Map:   0%|          | 0/4065 [00:00<?, ? examples/s]

Map:   0%|          | 0/1017 [00:00<?, ? examples/s]

* Choose your model

In [None]:
model_hazard_category = BertForSequenceClassification.from_pretrained('bert-base-uncased', num_labels=len(data[label].unique()))
model_hazard_category.to('cuda')  # Move model to GPU if available

* Train it

In [None]:
from tqdm.auto import tqdm

optimizer = AdamW(model_hazard_category.parameters(), lr=5e-5)

num_epochs = 3
num_training_steps = num_epochs * len(train_dataloader)
lr_scheduler = get_scheduler(
    name="linear",
    optimizer=optimizer,
    num_warmup_steps=0,
    num_training_steps=num_training_steps,
)

model_hazard_category.train()

progress_bar = tqdm(range(num_training_steps))

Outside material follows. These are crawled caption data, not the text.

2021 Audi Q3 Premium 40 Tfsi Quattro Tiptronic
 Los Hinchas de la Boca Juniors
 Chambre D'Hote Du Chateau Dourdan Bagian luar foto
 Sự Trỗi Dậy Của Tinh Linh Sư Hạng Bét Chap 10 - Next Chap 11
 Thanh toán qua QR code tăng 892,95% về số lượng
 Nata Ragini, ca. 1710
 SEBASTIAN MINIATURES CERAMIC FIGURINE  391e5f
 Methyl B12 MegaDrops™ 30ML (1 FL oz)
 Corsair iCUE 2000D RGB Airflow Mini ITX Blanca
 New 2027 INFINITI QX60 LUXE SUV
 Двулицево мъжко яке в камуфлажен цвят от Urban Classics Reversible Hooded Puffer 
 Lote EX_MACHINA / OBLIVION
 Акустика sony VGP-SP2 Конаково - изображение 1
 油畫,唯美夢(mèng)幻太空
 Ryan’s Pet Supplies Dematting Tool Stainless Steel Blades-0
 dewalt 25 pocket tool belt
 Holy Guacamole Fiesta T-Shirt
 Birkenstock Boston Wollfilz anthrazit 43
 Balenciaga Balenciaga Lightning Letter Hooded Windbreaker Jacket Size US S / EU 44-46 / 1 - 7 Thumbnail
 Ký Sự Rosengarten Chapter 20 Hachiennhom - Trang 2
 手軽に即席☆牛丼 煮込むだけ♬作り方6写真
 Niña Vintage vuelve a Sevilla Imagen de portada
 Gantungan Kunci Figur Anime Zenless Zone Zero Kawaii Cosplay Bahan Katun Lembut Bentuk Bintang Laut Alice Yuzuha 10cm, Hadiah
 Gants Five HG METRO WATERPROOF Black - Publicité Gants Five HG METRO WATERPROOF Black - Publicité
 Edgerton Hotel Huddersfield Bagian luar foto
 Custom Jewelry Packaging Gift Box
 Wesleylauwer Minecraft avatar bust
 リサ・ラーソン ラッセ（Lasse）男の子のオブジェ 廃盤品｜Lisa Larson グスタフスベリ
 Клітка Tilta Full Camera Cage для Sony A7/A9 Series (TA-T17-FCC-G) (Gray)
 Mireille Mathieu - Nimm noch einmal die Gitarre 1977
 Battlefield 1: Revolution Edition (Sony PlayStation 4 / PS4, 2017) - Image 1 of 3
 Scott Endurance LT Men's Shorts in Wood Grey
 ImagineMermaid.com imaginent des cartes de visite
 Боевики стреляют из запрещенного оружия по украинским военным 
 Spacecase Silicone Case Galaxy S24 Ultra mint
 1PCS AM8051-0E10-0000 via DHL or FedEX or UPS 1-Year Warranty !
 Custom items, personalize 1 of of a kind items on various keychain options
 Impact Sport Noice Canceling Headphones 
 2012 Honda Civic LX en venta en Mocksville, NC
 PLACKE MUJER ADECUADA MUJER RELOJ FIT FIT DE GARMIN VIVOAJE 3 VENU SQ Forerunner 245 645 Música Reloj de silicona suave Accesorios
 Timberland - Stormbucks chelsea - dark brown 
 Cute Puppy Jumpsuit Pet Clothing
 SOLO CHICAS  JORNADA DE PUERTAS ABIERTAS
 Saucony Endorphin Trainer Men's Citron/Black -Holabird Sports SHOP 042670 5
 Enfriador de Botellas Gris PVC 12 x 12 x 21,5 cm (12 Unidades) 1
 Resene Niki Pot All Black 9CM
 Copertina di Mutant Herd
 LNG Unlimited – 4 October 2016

for epoch in range(num_epochs):
    for batch in train_dataloader:
        batch = {k: v.to('cuda') for k, v in batch.items()}  # Move batch to GPU if available
        outputs = model_hazard_category(**batch)
        #loss = outputs.loss

        logits = outputs.logits
        labels = batch['labels']
        loss = focal_loss_fn(logits, labels)

        loss.backward()
        optimizer.step()
        lr_scheduler.step()
        optimizer.zero_grad()
        progress_bar.update(1)



  0%|          | 0/1527 [00:00<?, ?it/s]



* Assess it

In [None]:
from sklearn.metrics import classification_report

model_hazard_category.eval()
total_predictions = []
with torch.no_grad():
    for batch in dev_dataloader:
        batch = {k: v.to('cuda') for k, v in batch.items()}  # Move batch to GPU if available
        outputs = model_hazard_category(**batch)
        predictions = torch.argmax(outputs.logits, dim=-1)
        total_predictions.extend([p.item() for p in predictions])

predicted_labels = le_hazard_category.inverse_transform(total_predictions)
gold_labels = le_hazard_category.inverse_transform(dev_df.label.values)
print(classification_report(gold_labels, predicted_labels, zero_division=0))

dev_df['predictions-hazard-category'] = predicted_labels


In [None]:
model_hazard_category.save_pretrained("bert_hazard_category")
np.save("bert_hazard_category/label_encoder.npy", le_hazard_category.classes_)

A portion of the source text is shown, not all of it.